When stock market investors demand dividend yields that are substantially higher than interest rates, they are screaming out a message the wider public should note well — financial sophisticates do not believe the economic-growth story that the Obama administration so ham-handedly still tries to sell.
For established companies with long histories of paying regular cash dividends, high-dividend yields are danger signs, particularly when they exceed interest rates on “risk-free” securities such as U.S. government debt.
Ominous dividend signs
After the brutal market sell-off Friday that could continue and even accelerate, dividend yields on common stock issued by 70 percent of the theoretically well-positioned companies that are included in the Dow Jones industrial average exceeded the interest rate of 2.10 percent offered on U.S. government debt with a 10-year maturity.

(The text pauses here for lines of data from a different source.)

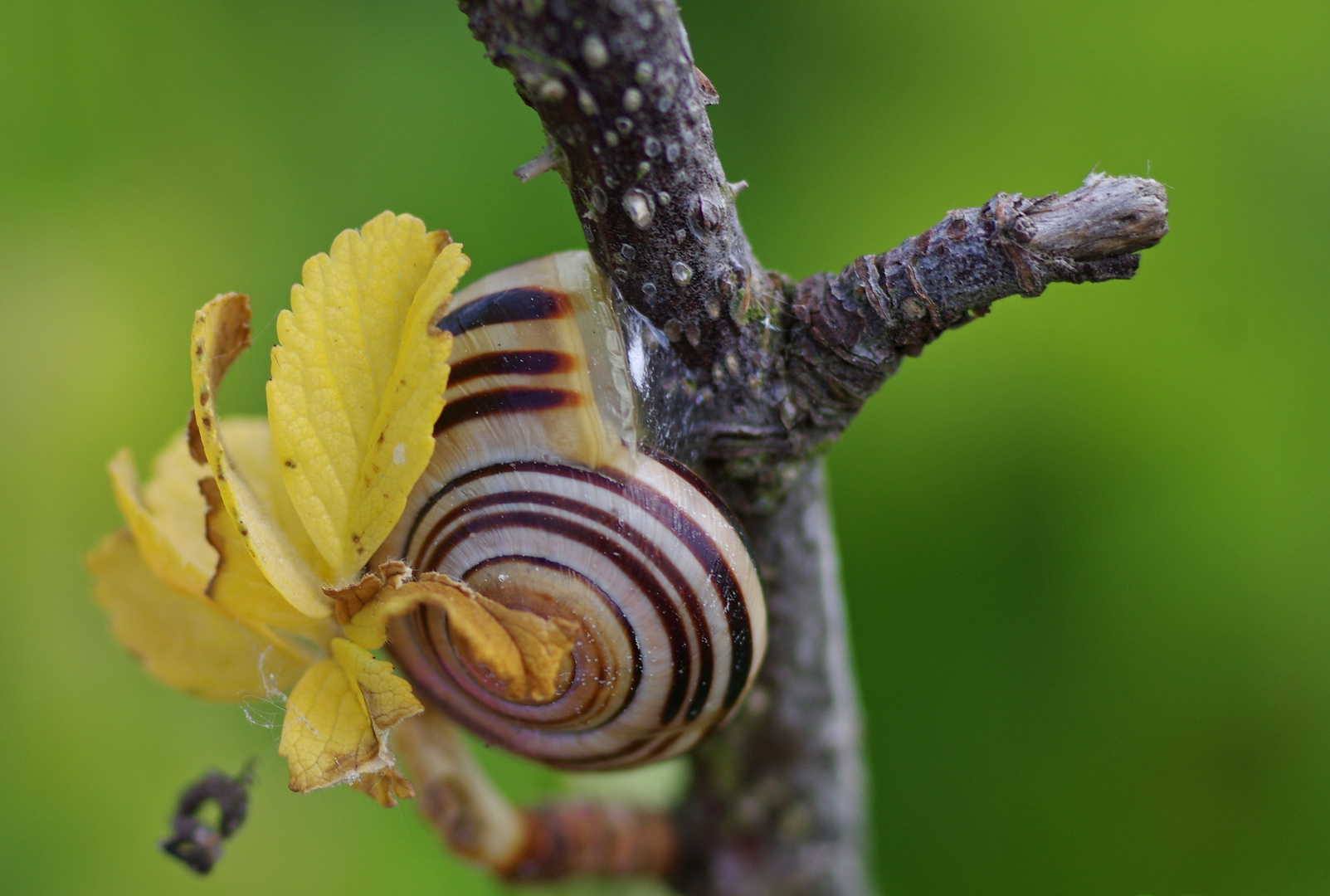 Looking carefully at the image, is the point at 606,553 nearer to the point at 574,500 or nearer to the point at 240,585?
the point at 574,500

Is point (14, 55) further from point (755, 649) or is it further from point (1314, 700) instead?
point (1314, 700)

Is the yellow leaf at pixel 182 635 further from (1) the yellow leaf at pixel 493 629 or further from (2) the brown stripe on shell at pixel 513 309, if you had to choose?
(2) the brown stripe on shell at pixel 513 309

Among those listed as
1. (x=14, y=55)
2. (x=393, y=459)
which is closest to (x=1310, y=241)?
(x=393, y=459)

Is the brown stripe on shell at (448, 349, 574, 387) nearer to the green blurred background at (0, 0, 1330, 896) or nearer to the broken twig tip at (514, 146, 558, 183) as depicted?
the broken twig tip at (514, 146, 558, 183)

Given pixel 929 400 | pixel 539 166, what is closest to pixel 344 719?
pixel 539 166

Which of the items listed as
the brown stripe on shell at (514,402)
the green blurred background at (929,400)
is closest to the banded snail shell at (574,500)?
the brown stripe on shell at (514,402) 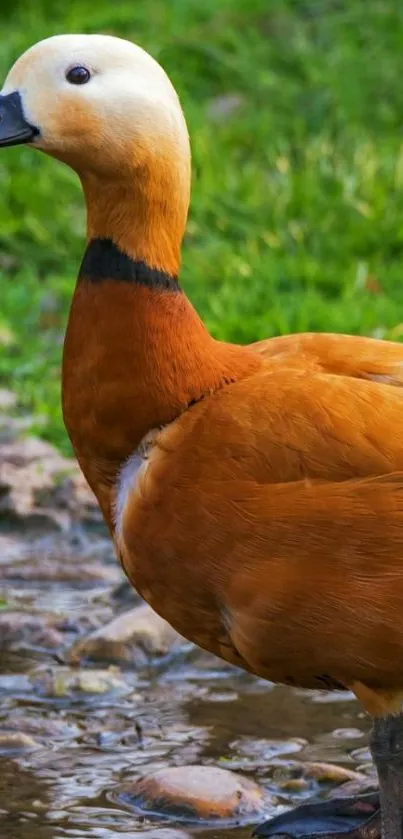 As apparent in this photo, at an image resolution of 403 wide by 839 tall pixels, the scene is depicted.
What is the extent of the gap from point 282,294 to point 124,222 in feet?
11.6

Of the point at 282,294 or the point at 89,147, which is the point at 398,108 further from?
the point at 89,147

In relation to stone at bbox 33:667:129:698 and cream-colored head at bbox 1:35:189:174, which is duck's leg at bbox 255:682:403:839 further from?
cream-colored head at bbox 1:35:189:174

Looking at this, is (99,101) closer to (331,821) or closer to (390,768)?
(390,768)

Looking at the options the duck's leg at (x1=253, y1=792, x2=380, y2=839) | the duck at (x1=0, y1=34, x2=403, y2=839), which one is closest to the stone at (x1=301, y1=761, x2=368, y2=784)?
the duck's leg at (x1=253, y1=792, x2=380, y2=839)

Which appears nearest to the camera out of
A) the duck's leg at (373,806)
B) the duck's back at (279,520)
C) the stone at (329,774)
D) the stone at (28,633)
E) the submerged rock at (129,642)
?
the duck's back at (279,520)

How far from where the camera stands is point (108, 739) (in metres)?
4.53

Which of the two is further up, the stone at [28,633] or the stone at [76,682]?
the stone at [28,633]

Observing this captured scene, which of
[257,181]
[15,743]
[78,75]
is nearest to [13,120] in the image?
[78,75]

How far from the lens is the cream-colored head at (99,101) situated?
149 inches

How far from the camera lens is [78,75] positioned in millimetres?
3797

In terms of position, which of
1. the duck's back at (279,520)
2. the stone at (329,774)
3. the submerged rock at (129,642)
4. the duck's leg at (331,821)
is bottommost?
the duck's leg at (331,821)

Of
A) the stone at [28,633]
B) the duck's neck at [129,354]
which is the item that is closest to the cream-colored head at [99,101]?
the duck's neck at [129,354]

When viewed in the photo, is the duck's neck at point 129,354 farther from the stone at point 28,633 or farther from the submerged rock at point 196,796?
the stone at point 28,633

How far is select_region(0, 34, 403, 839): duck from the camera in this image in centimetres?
363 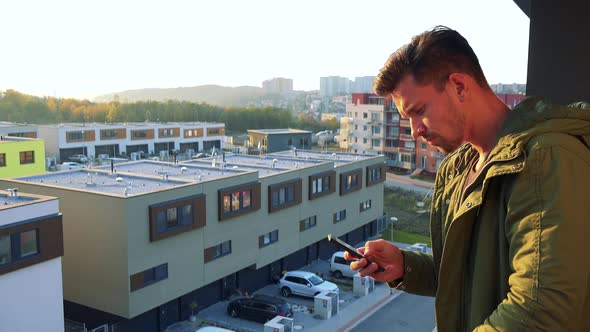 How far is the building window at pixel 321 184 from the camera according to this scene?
14484mm

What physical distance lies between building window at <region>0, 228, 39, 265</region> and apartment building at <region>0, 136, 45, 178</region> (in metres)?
10.0

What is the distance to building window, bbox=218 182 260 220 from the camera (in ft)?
38.0

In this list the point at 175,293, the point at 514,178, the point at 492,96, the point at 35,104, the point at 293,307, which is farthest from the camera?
the point at 35,104

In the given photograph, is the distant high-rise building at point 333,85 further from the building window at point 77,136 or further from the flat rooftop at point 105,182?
the flat rooftop at point 105,182

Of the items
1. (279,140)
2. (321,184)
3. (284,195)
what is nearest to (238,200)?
(284,195)

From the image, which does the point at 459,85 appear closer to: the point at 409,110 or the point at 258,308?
the point at 409,110

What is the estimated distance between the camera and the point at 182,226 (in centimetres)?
1054

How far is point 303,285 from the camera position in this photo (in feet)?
41.3

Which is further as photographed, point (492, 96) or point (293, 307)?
point (293, 307)

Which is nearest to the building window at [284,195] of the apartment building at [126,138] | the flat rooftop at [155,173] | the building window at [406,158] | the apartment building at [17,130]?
the flat rooftop at [155,173]

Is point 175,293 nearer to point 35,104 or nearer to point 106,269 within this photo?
point 106,269

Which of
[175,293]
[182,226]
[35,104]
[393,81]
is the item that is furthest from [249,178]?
[35,104]

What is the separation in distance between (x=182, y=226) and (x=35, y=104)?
41870 millimetres

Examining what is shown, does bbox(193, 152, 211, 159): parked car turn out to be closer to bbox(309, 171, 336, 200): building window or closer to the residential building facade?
the residential building facade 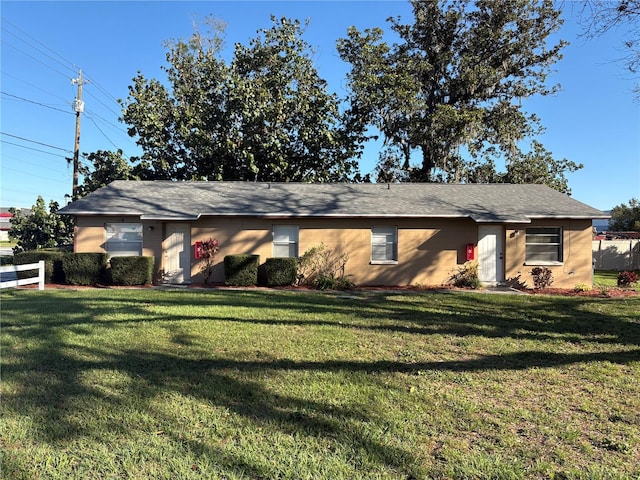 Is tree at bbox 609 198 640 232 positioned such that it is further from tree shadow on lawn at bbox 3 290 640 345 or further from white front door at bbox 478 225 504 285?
tree shadow on lawn at bbox 3 290 640 345

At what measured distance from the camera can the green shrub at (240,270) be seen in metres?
13.9

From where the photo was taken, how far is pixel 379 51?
2230 cm

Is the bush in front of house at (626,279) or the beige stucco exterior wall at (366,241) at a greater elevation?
the beige stucco exterior wall at (366,241)

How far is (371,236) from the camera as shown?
1491 cm

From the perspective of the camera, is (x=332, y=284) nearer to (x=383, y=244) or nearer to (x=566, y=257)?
(x=383, y=244)

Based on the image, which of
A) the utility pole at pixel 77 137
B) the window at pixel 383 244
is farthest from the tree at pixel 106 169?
the window at pixel 383 244

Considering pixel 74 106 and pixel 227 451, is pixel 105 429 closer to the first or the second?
pixel 227 451

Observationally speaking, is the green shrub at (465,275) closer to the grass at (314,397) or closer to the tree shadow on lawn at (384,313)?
the tree shadow on lawn at (384,313)

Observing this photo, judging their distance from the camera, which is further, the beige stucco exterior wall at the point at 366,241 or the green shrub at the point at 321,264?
the beige stucco exterior wall at the point at 366,241

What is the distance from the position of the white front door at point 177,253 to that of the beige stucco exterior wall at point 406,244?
0.23 m

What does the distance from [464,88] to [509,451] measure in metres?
22.1

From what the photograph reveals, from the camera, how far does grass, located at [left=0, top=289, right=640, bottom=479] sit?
9.99ft

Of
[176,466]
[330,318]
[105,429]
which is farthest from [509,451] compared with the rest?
[330,318]

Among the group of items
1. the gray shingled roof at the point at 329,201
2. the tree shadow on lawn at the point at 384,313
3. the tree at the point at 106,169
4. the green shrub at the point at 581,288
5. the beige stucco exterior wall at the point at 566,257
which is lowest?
the tree shadow on lawn at the point at 384,313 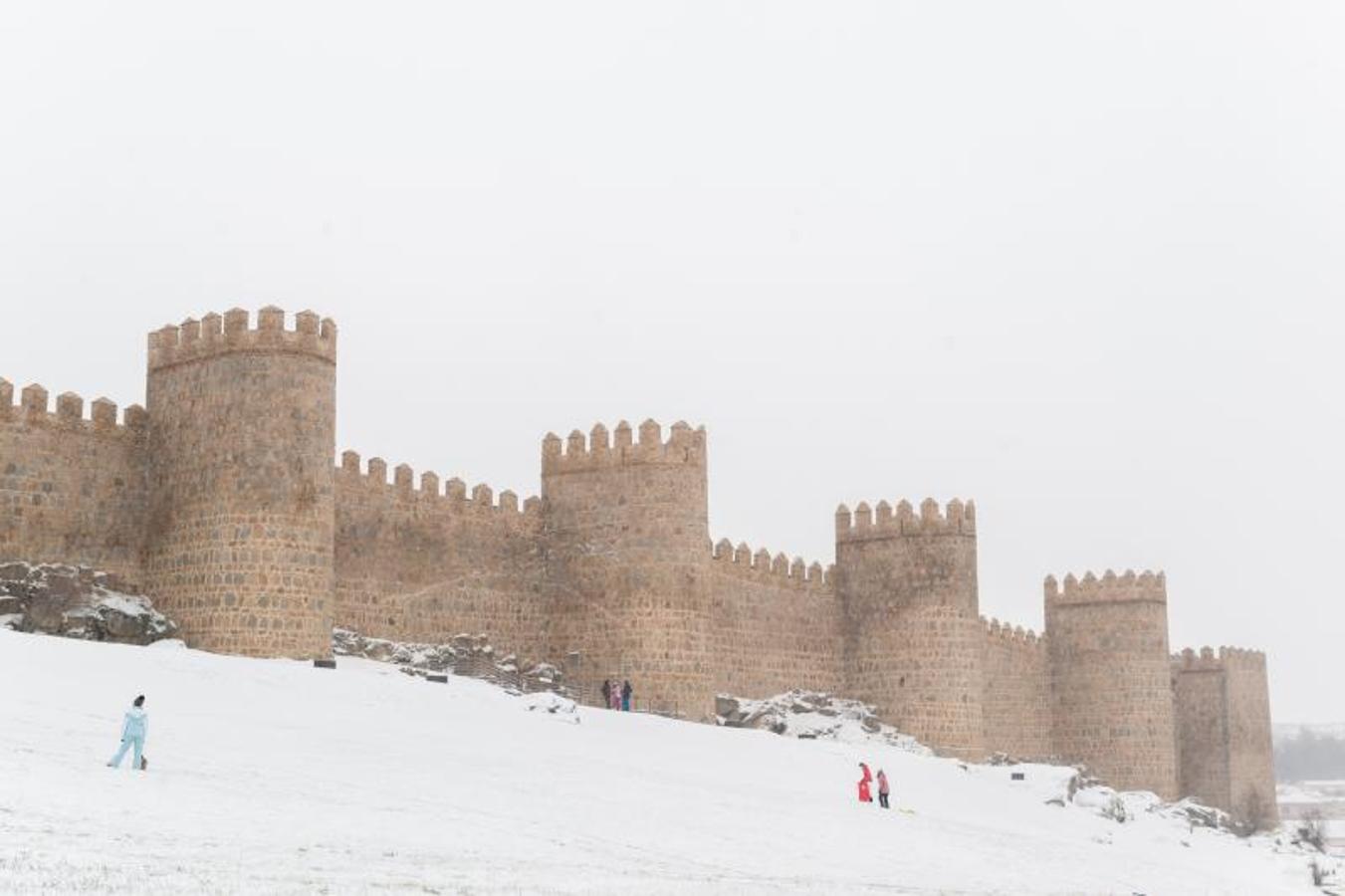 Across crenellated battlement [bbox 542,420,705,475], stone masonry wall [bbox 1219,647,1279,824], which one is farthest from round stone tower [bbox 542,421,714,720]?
stone masonry wall [bbox 1219,647,1279,824]

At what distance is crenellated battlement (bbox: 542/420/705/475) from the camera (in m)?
35.2

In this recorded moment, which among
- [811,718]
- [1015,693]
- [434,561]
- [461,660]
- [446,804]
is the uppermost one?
[434,561]

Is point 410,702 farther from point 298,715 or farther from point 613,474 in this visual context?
point 613,474

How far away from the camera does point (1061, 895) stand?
2044cm

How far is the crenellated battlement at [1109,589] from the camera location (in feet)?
157

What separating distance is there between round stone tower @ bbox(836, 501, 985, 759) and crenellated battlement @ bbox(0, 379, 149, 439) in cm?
1765

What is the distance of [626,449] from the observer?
3541cm

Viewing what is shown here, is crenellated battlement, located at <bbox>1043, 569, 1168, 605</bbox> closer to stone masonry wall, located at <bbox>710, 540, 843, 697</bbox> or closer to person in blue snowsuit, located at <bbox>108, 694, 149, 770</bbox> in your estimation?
stone masonry wall, located at <bbox>710, 540, 843, 697</bbox>

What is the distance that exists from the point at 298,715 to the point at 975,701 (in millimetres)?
20955

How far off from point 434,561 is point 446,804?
A: 1468 centimetres

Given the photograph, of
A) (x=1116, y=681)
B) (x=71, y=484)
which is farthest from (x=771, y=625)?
(x=71, y=484)

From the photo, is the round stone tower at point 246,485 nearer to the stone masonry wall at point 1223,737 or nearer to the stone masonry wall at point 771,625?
the stone masonry wall at point 771,625

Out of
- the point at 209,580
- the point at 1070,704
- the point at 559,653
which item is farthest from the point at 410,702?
the point at 1070,704

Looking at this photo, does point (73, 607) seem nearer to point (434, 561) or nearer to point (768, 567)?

Some of the dividend yields for five Dow-Jones’ components seemed extraordinarily high. For example, AT&T (T-$32.16) offered a 5.70 percent yield; Verizon (VZ-$45.58) offered 4.80 percent; Chevron (CVX-$102.38) offered 4.10 percent; McDonald’s (MCD-$90.62) offered 3.80 percent and General Electric (GE-$24.89) offered 3.50 percent.
When common stock dividend yields on actively traded shares such as the ones cited above remain so high, experienced investors are voting with their feet — they do not believe management plans will translate into the tangible financial gains that result when consolidated revenues, profits and cash flows reliably and regularly increase.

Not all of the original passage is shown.